Incidents like Verhoef’s detention enraged communities fighting HIV/AIDS. In 1987, a group of New York activists had formed ACT UP, which staged demonstrations to bring attention to the HIV/AIDS crisis. The Twin Cities chapter of ACT UP took up local causes, like the mistreatment of an HIV-positive inmate at the Minnesota Correctional Facility–St. Cloud, and participated in national actions. An ACT UP representative was among the community members who served as a review board for doctors running the HIV drug trials at the University of Minnesota.

The university’s drug trials program was part of a national network, the AIDS Clinical Trials Group, which streamlined the movement of potential HIV drugs from labs to volunteer test subjects. AZT had only worked for patients temporarily before the virus came roaring back. New drugs were needed.

By the end of 1995, 319,849 Americans had died of AIDS and over half a million were infected with HIV. And that was only in the United States. Those numbers made the search for a cure, or at least a way of managing the disease, desperate. By 1996, Michael Reinbold, a young Minneapolis man, had been living in the AIDS foster-care home Grace House for a year. He’d suffered a number of medical complications and was expecting to die at the home.

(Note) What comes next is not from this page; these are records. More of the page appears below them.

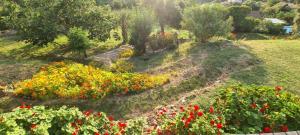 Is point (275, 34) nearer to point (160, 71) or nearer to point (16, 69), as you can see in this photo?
point (160, 71)

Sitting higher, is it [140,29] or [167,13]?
[167,13]

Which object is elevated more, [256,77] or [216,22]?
[216,22]

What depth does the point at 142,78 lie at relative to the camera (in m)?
13.9

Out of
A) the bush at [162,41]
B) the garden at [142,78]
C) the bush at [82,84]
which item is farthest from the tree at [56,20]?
the bush at [82,84]

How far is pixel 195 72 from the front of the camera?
14539mm

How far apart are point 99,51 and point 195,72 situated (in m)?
9.09

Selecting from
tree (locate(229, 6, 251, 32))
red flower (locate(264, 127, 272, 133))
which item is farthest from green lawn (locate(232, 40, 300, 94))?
tree (locate(229, 6, 251, 32))

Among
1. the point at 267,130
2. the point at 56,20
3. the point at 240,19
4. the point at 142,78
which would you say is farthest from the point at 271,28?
the point at 267,130

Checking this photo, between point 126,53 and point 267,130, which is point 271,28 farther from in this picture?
point 267,130

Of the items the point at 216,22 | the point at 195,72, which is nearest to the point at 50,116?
the point at 195,72

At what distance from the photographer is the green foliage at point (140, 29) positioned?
20133 mm

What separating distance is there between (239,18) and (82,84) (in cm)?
1852

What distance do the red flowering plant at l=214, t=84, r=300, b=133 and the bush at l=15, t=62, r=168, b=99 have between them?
4.94 metres

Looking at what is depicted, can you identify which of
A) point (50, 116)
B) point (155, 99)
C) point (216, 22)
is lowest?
point (155, 99) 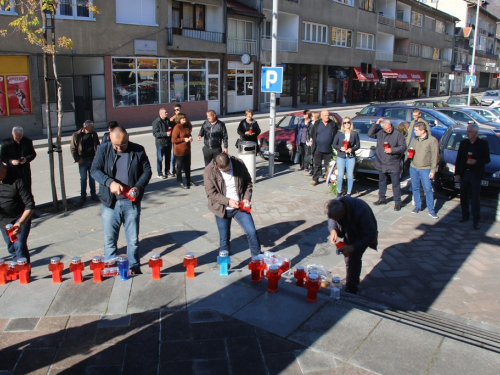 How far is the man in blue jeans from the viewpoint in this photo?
6.13 m

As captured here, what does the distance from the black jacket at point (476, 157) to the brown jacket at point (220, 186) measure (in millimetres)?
4609

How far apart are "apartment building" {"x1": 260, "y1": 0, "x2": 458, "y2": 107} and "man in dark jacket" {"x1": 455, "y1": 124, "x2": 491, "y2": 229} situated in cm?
2569

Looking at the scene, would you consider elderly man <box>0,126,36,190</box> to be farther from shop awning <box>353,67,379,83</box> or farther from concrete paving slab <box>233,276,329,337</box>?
shop awning <box>353,67,379,83</box>

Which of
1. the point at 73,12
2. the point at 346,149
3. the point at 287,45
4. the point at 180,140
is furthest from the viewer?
the point at 287,45

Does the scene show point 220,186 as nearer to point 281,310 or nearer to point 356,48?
point 281,310

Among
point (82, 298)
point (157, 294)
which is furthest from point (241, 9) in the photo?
point (82, 298)

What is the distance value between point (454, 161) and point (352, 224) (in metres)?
6.96

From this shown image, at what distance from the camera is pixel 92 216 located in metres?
8.85

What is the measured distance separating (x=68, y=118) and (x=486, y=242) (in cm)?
1863

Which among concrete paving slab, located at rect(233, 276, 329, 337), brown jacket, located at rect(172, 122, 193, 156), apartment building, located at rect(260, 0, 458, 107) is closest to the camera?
concrete paving slab, located at rect(233, 276, 329, 337)

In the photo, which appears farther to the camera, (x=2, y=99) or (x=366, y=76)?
(x=366, y=76)

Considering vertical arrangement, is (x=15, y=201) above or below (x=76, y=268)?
above

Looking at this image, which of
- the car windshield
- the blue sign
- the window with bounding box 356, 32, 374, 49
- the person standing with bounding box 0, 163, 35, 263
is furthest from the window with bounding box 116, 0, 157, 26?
the window with bounding box 356, 32, 374, 49

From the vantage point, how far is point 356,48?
1722 inches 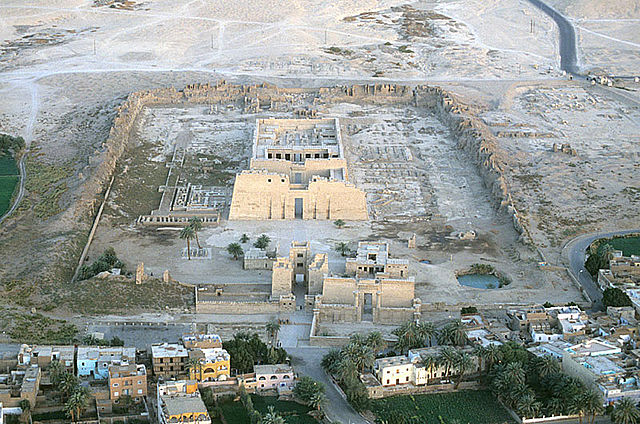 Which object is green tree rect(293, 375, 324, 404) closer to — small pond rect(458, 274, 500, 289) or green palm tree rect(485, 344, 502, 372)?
green palm tree rect(485, 344, 502, 372)

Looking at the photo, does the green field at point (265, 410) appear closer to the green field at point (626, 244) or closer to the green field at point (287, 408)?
the green field at point (287, 408)

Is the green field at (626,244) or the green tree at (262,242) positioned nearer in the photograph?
the green tree at (262,242)

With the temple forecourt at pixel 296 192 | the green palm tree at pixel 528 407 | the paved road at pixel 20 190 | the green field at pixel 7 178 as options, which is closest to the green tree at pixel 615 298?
the green palm tree at pixel 528 407

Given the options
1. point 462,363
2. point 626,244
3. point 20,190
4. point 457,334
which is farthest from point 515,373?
point 20,190

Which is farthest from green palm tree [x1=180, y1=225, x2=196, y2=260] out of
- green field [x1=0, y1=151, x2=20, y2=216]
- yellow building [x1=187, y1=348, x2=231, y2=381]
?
green field [x1=0, y1=151, x2=20, y2=216]

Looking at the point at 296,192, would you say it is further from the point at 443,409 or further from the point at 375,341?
the point at 443,409

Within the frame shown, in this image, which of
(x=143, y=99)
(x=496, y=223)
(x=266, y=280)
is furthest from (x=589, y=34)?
(x=266, y=280)

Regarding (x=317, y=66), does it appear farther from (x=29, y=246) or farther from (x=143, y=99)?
(x=29, y=246) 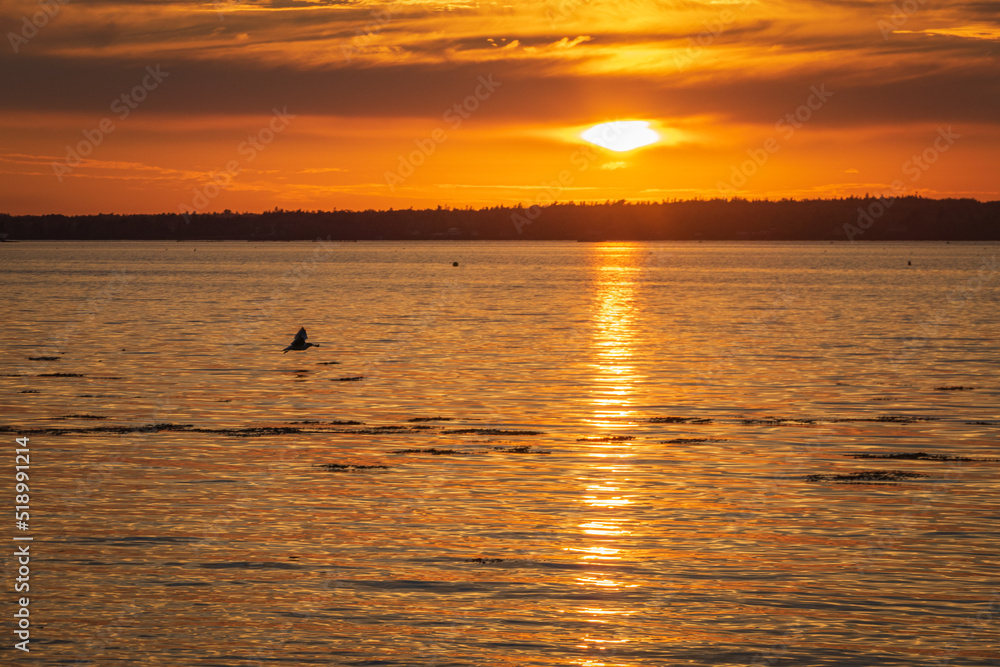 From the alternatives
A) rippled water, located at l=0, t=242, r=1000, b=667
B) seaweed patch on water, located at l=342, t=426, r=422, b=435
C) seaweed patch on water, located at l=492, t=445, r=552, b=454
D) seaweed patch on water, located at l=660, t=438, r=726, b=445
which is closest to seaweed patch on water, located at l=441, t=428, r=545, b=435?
rippled water, located at l=0, t=242, r=1000, b=667

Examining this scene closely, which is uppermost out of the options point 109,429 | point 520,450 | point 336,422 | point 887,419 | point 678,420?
point 109,429

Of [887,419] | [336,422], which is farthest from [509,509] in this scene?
[887,419]

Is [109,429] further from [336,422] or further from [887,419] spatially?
[887,419]

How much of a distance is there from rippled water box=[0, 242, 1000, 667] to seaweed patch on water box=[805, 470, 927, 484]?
0.22 m

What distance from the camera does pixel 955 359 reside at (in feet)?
170

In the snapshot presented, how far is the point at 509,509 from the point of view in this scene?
21.7 meters

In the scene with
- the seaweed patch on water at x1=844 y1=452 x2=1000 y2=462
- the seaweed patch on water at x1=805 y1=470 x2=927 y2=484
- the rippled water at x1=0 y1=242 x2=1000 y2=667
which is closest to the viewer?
the rippled water at x1=0 y1=242 x2=1000 y2=667

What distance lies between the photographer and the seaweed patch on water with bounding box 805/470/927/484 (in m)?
24.4

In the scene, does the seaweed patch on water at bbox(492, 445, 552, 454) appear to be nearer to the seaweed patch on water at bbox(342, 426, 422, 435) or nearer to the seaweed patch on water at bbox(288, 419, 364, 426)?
the seaweed patch on water at bbox(342, 426, 422, 435)

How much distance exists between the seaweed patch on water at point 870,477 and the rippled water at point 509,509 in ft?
0.73

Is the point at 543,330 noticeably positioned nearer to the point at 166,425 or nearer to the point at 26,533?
the point at 166,425

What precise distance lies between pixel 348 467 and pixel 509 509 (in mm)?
5530

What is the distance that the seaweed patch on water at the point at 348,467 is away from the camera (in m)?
25.6

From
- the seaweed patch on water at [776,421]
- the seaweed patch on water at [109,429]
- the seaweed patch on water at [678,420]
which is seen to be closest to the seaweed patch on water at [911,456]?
the seaweed patch on water at [776,421] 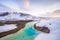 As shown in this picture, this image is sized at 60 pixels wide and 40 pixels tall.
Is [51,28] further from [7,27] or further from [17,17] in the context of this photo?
[7,27]

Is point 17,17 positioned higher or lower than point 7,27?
higher

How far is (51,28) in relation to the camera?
1.46 meters

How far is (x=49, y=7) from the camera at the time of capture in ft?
5.01

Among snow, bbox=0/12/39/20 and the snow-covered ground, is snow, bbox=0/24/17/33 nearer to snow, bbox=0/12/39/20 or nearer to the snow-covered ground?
snow, bbox=0/12/39/20

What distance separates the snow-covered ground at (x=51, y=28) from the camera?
1419 mm

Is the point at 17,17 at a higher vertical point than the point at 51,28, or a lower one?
higher

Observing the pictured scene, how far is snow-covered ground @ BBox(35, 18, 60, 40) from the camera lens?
4.66ft

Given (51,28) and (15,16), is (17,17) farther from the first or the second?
(51,28)

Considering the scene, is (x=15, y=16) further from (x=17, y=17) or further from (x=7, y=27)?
(x=7, y=27)

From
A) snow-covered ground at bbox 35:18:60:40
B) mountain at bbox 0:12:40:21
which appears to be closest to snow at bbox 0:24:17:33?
mountain at bbox 0:12:40:21

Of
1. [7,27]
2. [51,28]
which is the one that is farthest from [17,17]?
[51,28]

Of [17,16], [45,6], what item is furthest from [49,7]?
[17,16]

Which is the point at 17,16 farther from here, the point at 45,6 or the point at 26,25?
the point at 45,6

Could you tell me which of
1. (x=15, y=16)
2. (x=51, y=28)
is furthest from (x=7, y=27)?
(x=51, y=28) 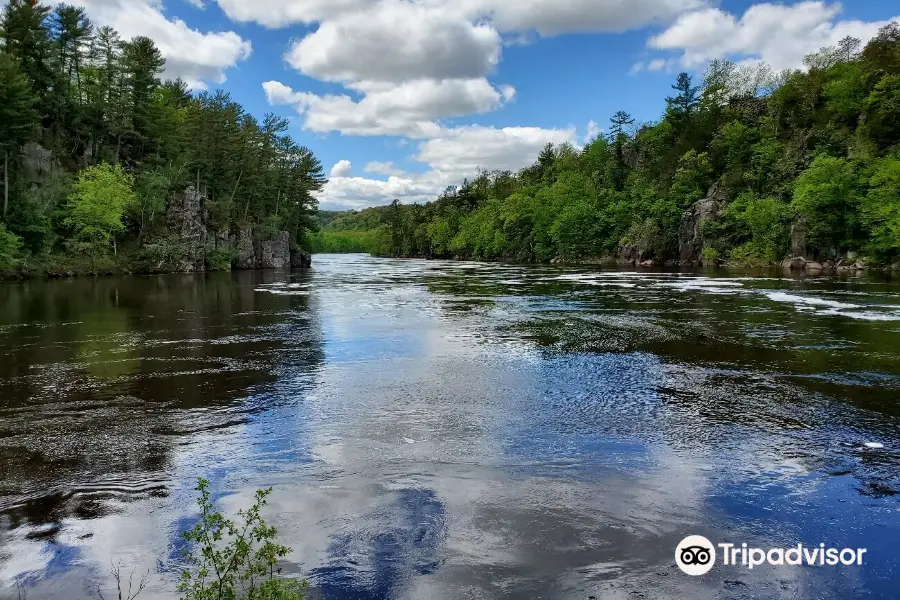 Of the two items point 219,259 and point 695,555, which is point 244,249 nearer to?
point 219,259

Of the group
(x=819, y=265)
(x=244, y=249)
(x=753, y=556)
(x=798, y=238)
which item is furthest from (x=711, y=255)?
(x=753, y=556)

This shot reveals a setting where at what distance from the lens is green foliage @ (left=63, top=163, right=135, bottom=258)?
60469mm

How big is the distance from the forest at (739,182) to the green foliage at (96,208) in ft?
243

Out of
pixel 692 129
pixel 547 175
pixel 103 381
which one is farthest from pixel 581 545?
pixel 547 175

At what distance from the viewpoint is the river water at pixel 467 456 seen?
225 inches

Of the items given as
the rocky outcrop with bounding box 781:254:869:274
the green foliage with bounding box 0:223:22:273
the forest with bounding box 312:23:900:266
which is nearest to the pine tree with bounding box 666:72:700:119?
the forest with bounding box 312:23:900:266

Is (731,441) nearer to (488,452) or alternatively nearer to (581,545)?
(488,452)

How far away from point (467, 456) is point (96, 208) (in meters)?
66.2

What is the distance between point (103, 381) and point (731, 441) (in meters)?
13.9

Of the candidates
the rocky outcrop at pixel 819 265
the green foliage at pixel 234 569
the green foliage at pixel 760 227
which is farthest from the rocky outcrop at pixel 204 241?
the green foliage at pixel 234 569

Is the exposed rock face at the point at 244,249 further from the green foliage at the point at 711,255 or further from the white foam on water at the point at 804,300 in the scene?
the white foam on water at the point at 804,300

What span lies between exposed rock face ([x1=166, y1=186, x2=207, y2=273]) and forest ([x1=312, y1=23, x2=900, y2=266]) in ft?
216

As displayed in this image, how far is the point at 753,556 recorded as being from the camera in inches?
233

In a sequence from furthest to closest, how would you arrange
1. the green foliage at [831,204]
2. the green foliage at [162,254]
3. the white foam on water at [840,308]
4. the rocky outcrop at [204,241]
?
the rocky outcrop at [204,241] → the green foliage at [162,254] → the green foliage at [831,204] → the white foam on water at [840,308] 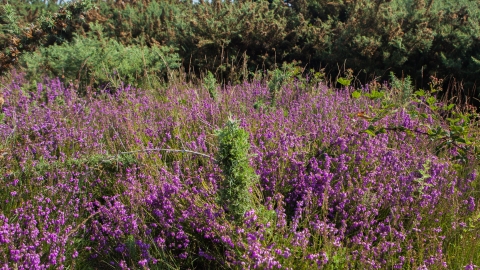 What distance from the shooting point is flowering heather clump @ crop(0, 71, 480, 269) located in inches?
94.6

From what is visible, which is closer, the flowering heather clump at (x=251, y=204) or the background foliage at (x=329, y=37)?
the flowering heather clump at (x=251, y=204)

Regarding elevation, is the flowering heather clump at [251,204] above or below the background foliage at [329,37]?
below

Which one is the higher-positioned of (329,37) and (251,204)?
(329,37)

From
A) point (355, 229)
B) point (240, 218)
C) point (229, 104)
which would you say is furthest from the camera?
point (229, 104)

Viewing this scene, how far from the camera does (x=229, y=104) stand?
15.6 ft

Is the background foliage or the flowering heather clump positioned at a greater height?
the background foliage

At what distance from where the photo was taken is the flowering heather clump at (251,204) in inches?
94.6

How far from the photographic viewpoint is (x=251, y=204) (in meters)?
2.61

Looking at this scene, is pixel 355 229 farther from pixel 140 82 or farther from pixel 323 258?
pixel 140 82

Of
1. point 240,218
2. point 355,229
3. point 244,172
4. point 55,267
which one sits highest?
point 244,172

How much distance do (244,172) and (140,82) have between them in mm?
4853

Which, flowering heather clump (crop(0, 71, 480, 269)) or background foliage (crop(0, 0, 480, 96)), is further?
background foliage (crop(0, 0, 480, 96))

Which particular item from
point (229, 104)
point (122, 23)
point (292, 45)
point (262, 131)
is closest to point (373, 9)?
point (292, 45)

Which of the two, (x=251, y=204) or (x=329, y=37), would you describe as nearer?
(x=251, y=204) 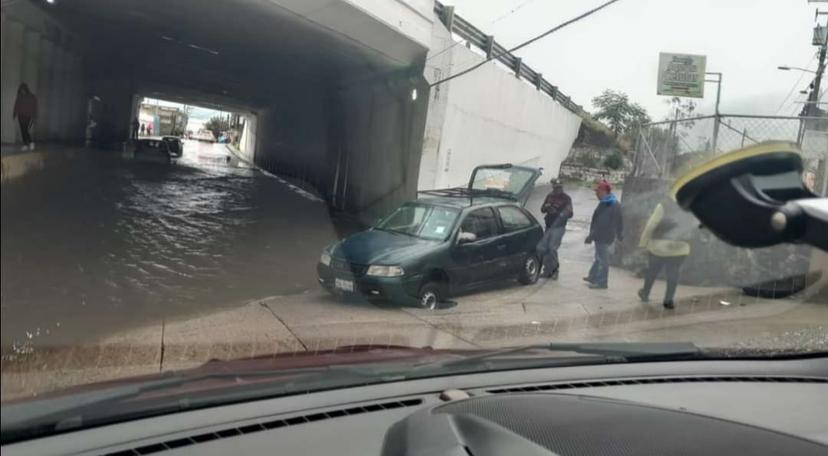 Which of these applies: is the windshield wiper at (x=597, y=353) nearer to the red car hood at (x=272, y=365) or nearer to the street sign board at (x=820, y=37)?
the red car hood at (x=272, y=365)

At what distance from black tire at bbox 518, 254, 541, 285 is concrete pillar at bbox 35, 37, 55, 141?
3.87 metres

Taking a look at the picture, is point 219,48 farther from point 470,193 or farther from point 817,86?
point 817,86

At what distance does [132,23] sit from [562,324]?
4962mm

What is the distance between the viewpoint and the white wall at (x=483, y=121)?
7492mm

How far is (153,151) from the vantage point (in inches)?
225

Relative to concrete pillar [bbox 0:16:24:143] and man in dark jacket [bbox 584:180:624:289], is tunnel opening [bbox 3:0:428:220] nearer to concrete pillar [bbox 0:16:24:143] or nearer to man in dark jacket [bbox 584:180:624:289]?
man in dark jacket [bbox 584:180:624:289]

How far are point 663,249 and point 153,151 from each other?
439 centimetres

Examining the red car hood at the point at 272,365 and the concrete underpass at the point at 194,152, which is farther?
the concrete underpass at the point at 194,152

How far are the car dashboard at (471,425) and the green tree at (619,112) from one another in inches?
152

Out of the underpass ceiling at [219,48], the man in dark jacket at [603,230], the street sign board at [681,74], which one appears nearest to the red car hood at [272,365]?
the underpass ceiling at [219,48]

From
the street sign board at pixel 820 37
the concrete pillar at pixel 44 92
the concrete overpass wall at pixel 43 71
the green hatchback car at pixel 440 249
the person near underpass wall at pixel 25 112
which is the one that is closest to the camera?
the concrete overpass wall at pixel 43 71

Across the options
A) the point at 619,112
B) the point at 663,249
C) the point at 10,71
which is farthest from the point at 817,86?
the point at 10,71

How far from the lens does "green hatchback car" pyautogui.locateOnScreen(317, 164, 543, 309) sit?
5629mm

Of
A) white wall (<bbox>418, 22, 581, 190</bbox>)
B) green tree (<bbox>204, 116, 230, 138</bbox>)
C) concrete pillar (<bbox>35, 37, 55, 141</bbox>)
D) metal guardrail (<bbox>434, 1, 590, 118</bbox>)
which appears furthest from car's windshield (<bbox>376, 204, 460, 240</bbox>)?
concrete pillar (<bbox>35, 37, 55, 141</bbox>) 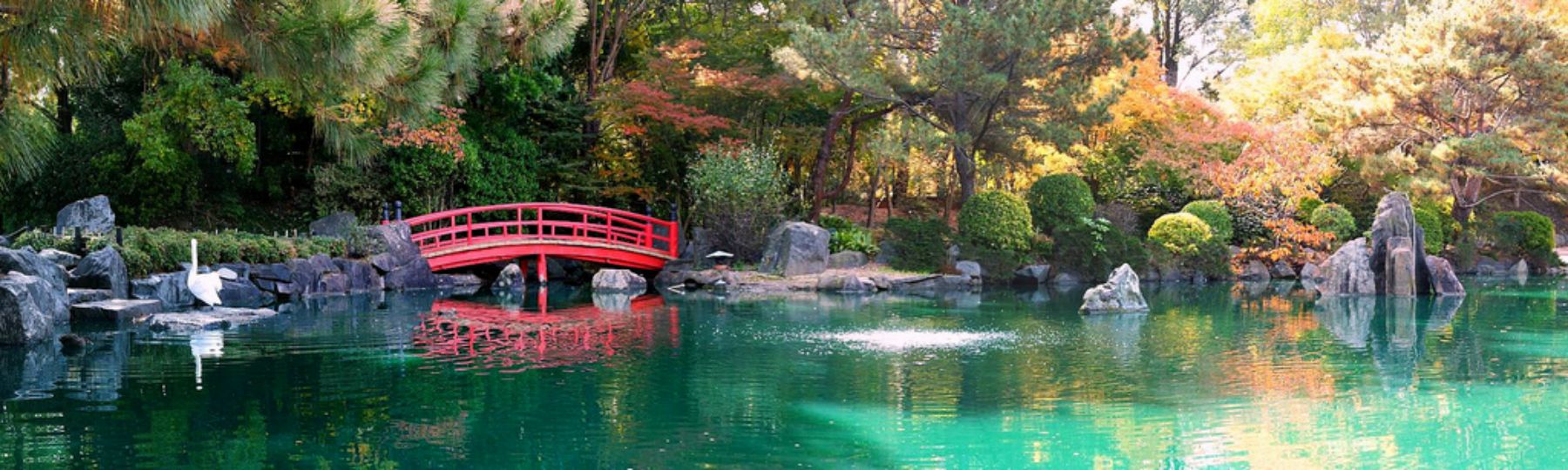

Later that year, however, a new drug cocktail became available. Researchers discovered that using three antiretroviral drugs together prevented HIV from reproducing inside the body. People with HIV/AIDS saw their health restored after taking the cocktail. The phenomenon of so many dying people suddenly returning to life was called the Lazarus effect. In 1997, Reinbold, with the help of his drug cocktail, became one of the first HIV/AIDS patients to walk out of Grace House alive.

Minnesota’s HIV/AIDS organizations are still relevant in the twenty-first century. So is HIV/AIDS. Though the disease is now a survivable chronic condition, the virus continues to spread, with thousands infected in Minnesota and tens of millions worldwide.